Even now, in spite of their five-game point streak over the last week, the Canucks are still a longshot make the playoffs. They might only be four points out of the playoffs, but they need to pass four teams to get into the final WIld Card spot.

With that in mind, you might be wondering why you should bother watching the eight games remaining in the Canucks season. It’s a fair question. I’m not going to hate on bandwagon fans, because it is admittedly far more fun to cheer for a team that’s winning. That said, I would be remiss if I didn’t point out some very good reasons to keep watching.

There’s still a chance for the playoffs

If you’re a big fan of mathematical possibilities, the end of the Canucks season is for you! The Canucks have not been mathematically eliminated yet and could still make the playoffs. HockeyViz places their chances at 1%, while Sports Club Stats has them at 1.3%, which is significantly better odds than C3P0 gave Han Solo for successfully navigating an asteroid field, and it worked out pretty well for Han Solo.

Besides, if the Canucks pull this off, you would feel like a fool if you missed out on one of the most unlikely and incredible runs to end a season in NHL history. You should also never leave any sports game early, because you never know when a team might come back from being down 5-0 or something. You don't want to miss something crazy like that!

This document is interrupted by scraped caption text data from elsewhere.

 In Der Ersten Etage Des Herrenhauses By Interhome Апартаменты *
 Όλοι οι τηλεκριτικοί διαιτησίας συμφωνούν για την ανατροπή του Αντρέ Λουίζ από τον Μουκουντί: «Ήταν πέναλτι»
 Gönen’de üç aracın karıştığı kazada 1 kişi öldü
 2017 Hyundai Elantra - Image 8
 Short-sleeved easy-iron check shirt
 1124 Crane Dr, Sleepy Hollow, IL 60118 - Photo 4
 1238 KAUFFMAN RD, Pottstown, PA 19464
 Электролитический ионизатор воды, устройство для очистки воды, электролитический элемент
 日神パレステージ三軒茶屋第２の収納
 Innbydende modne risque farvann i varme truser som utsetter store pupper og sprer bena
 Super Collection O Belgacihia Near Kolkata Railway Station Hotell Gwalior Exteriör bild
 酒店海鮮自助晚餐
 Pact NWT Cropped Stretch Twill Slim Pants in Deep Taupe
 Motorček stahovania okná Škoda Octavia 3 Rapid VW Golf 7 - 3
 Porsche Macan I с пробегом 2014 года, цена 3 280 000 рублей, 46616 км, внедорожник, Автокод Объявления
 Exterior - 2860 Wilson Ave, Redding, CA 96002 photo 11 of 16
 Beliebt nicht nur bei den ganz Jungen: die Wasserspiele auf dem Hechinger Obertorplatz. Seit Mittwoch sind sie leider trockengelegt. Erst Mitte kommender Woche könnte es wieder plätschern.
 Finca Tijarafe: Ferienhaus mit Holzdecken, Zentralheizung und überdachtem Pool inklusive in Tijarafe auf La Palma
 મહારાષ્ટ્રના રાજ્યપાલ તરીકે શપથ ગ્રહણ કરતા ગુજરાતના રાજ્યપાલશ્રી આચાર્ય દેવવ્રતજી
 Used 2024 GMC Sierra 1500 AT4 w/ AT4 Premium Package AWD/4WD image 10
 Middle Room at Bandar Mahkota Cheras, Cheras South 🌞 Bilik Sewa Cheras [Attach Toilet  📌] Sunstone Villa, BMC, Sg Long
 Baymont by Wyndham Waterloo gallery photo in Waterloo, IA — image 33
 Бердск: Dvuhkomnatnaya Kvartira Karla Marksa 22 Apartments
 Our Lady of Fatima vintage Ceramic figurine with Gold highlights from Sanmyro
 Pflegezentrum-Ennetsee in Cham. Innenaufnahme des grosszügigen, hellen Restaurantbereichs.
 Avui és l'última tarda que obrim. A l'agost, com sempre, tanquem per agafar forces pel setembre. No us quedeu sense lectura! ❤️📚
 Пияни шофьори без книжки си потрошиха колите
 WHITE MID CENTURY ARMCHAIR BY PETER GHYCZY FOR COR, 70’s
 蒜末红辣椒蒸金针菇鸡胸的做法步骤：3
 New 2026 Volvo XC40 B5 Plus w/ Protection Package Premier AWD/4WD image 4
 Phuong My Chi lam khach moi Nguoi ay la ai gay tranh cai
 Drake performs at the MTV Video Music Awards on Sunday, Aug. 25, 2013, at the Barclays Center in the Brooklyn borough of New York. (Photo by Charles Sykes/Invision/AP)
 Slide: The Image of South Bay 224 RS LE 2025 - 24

Quinn Hughes’ Canucks debut

The Canucks signed their top prospect, Quinn Hughes, over a week ago, but, in classic Canucks fashion, he’s injured. A shot that he blocked in the penultimate game of his NCAA career caused a deep bone bruise on his ankle and he’s been seen in a walking boot instead of in his skates on the ice.

That said, Hughes should be able to make his Canucks debut as early as next week and it should be a sight to see. Hughes is an elite skater that could revolutionize the Canucks’ breakouts and provide a serious boost on the power play. Hughes’ debut should be a can’t-miss event. So, don't miss it.

Elias Pettersson’s rookie of the year run

The Canucks haven’t had a Calder Trophy winner as rookie of the year since Pavel Bure back in the 1991-92 season, but that’s about to change. Elias Pettersson is the favourite to win this season and it’s not hard to see why: he’s run away with the rookie scoring race and rescued the Canucks’ season from potential unwatchability, breaking the Canucks' rookie scoring record in the process.

Pettersson has a little bit of competition — Jordan Binnington has been outstanding for the St. Louis Blues and Rasmus Dahlin smashed the record for most points by an 18-year-old defenceman — but Pettersson still has the inside edge for the Calder. Pettersson has entertained Canucks fans all season long and watching him close out a Calder campaign will be worth the price of admission.

Morbid curiosity

There have been a lot of positives in the 2018-19 Canucks season and reasons to be hopeful for the future. But for the masochists in the Canucks fanbase — and they must exist, given the suffering over the last 50 years — there’s also plenty to appreciate.

The Canucks are unlikely to make the playoffs, but their recent point streak has also pulled them out of the NHL basement. As a result, they’re entering what Patrick Johnston of The Province has called the Realm of Sadness. It’s the area where not only are you missing the playoffs, but you’re also missing out on the best prospects at the top of the NHL draft.

Just how sad can the Canucks season get? You’ll have to tune in to find out.

Stick-taps and Glove-drops

A tap of the stick to Elias Pettersson for passing Pavel Bure and Ivan Hlinka for the Canucks rookie record in points with his assist on Monday against the Chicago Blackhawks. It’s an incredible accomplishment for the 20-year-old centre.

I'm dropping the gloves with the NHL players that voted Antoine Roussel as the second-worst trash-talker in the NHLPA player's poll. Look, just because you can't understand his chirps through his French accent doesn't mean they're not devastating.

Big Numbers

61 - It took Elias Pettersson 61 games to reach 60 points, four fewer games than it took Bure in his rookie season and 11 fewer than Hlinka. On Monday, he scored his 61st point in his 62nd game to pass them both.

63 - Daniel and Henrik Sedin combined for 29 goals and 63 points in their rookie season. Pettersson has already matched their combined point total, with his two points on Wednesday bringing him to 27 goals and 63 points in 63 games.